[Work order] Whatever precedes the line containing "Quick honorable mentions" is not copied; that line and every line after it through the final one below are copied exactly, except pictures.
── Source records ──
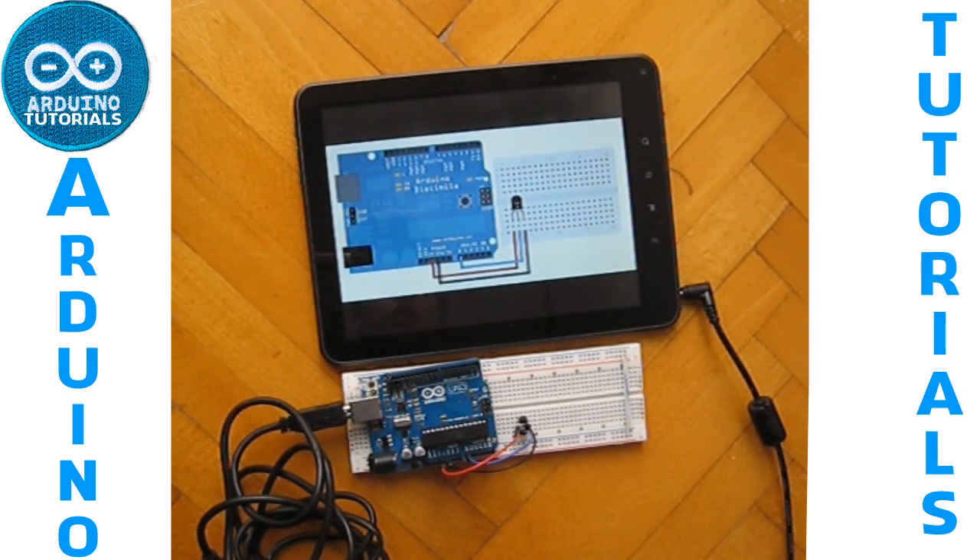In the next tutorial, we will see how to connect a photoresistor and how to connect a potentiometer. We will see you in another tutorial.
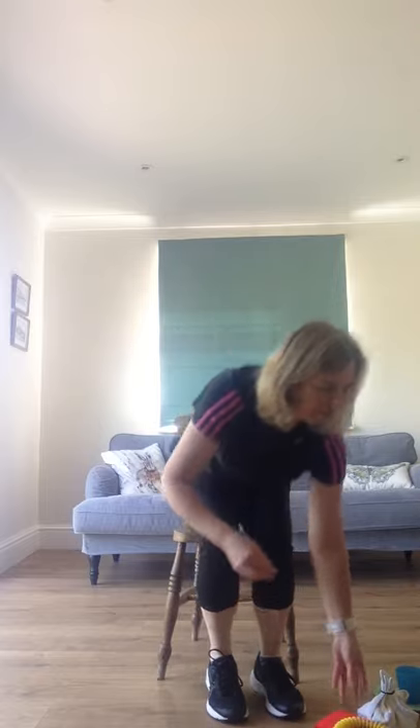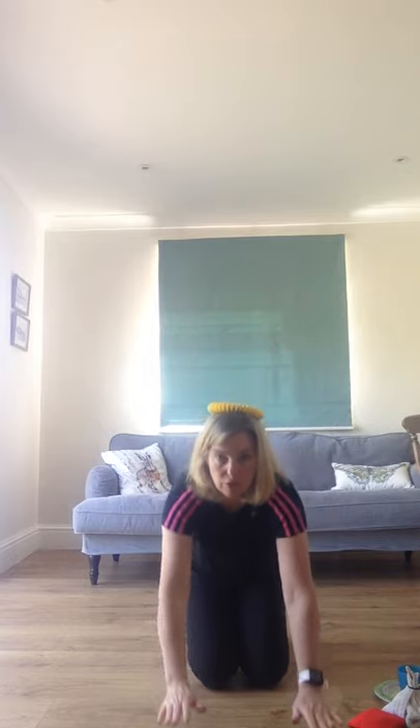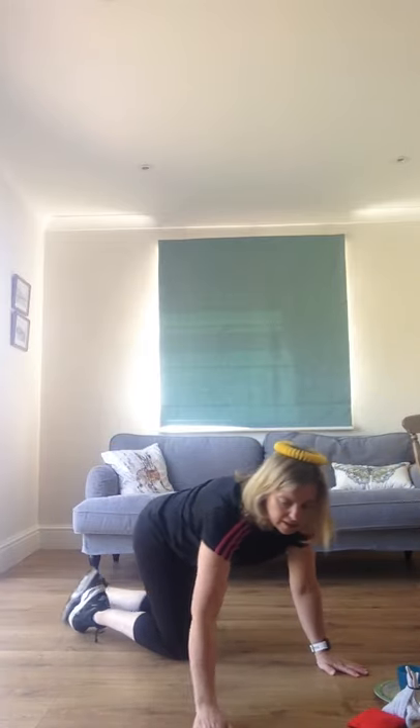You can choose to do any of these balances. To make them a little bit harder you could do some moving around. I'm going to take the coit, put it on my head, go on all fours and see if I can travel around the room without the coit falling off. If it's too difficult on your head, you could put the coit on your back.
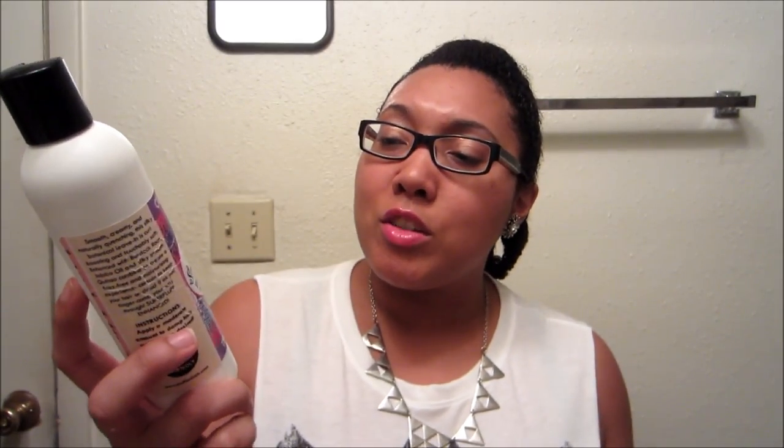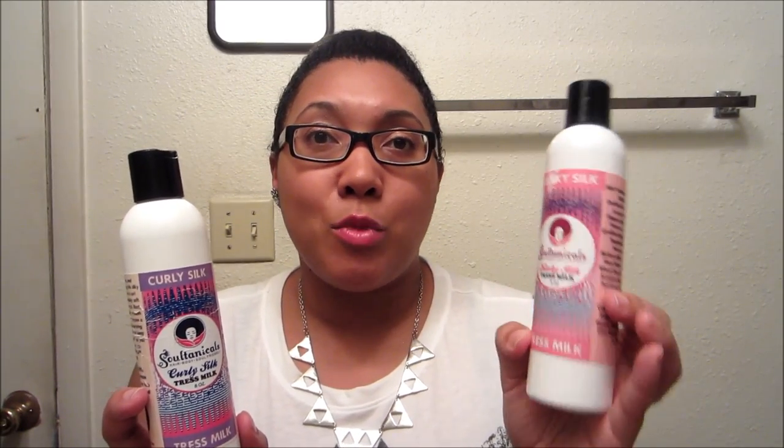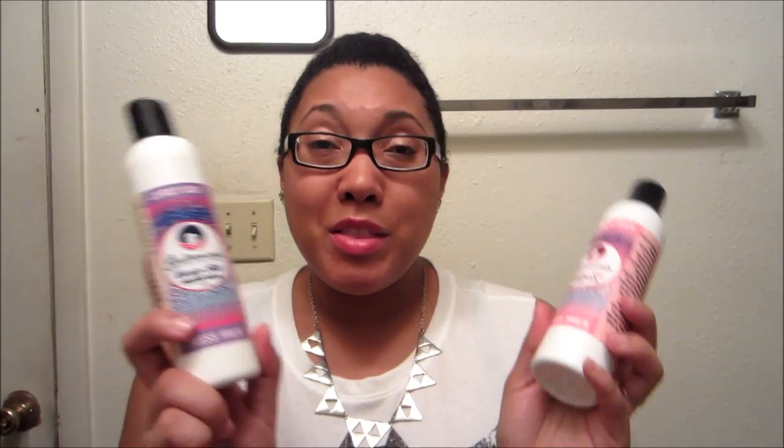Quick honorable mentions for two discontinued products: the Curly Silk Truss Milk and the Kinky Silk Truss Milk. I prefer the Kinky Silk Truss Milk — it left my hair softer, more moisturized, and had more slip. The Curly Silk was okay but lacked in detangling and moisturization where the Kinky Silk made up for it. They're both discontinued now, and I think there's a new shea butter milk that's replaced them on the site.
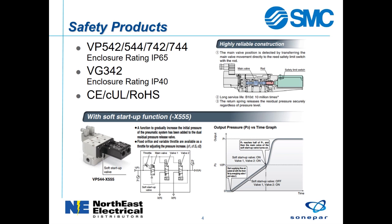The VP series can be used in an IP65 environment, while the larger VG series can be used in an IP40 environment. These components are designed and verified to be in compliance with CE, CUL, and Rojas.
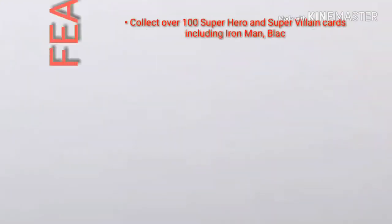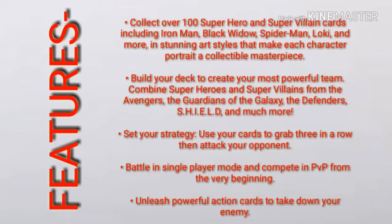Talking about the features of the game: first, collect superhero and supervillain cards including Iron Man, Black Widow, Spider-Man, and more, in stunning art styles that make each collector portrait a collectible masterpiece. Second, build your deck to create your most powerful team — combine superheroes and supervillains from the Avengers, the Guardians of the Galaxy, the Defenders, S.H.I.E.L.D., and much more.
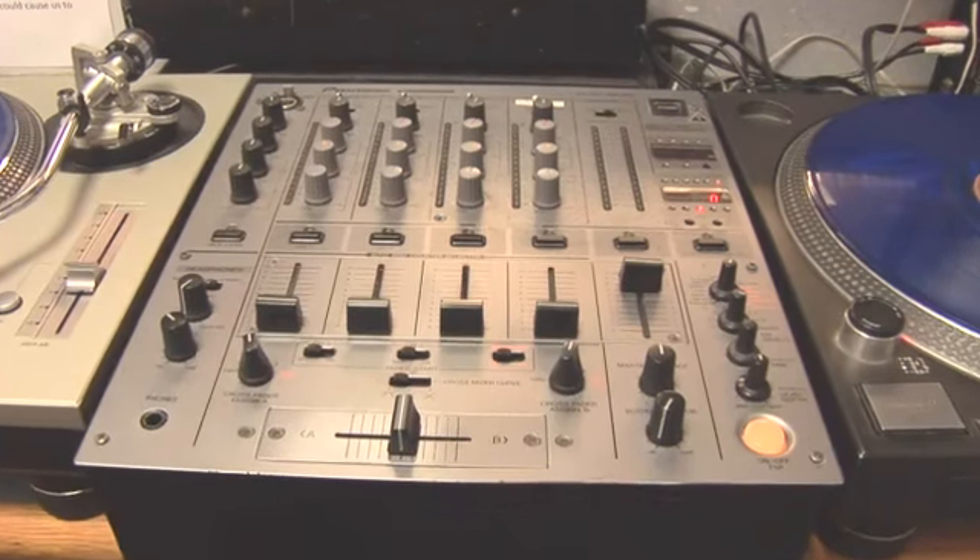Hey, how's it going? I'm DaBeeb with Wild 94.1 based out of Tampa, Florida — Club DJ and Radio DJ. And right now I'm going to show you how to use a mixer while DJing.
───
[Answer box]
Quick honorable mentions for two discontinued products: the Curly Silk Truss Milk and the Kinky Silk Truss Milk. I prefer the Kinky Silk Truss Milk — it left my hair softer, more moisturized, and had more slip. The Curly Silk was okay but lacked in detangling and moisturization where the Kinky Silk made up for it. They're both discontinued now, and I think there's a new shea butter milk that's replaced them on the site.
The VP series can be used in an IP65 environment, while the larger VG series can be used in an IP40 environment. These components are designed and verified to be in compliance with CE, CUL, and Rojas.
Talking about the features of the game: first, collect superhero and supervillain cards including Iron Man, Black Widow, Spider-Man, and more, in stunning art styles that make each collector portrait a collectible masterpiece. Second, build your deck to create your most powerful team — combine superheroes and supervillains from the Avengers, the Guardians of the Galaxy, the Defenders, S.H.I.E.L.D., and much more.
Hey, how's it going? I'm DaBeeb with Wild 94.1 based out of Tampa, Florida — Club DJ and Radio DJ. And right now I'm going to show you how to use a mixer while DJing.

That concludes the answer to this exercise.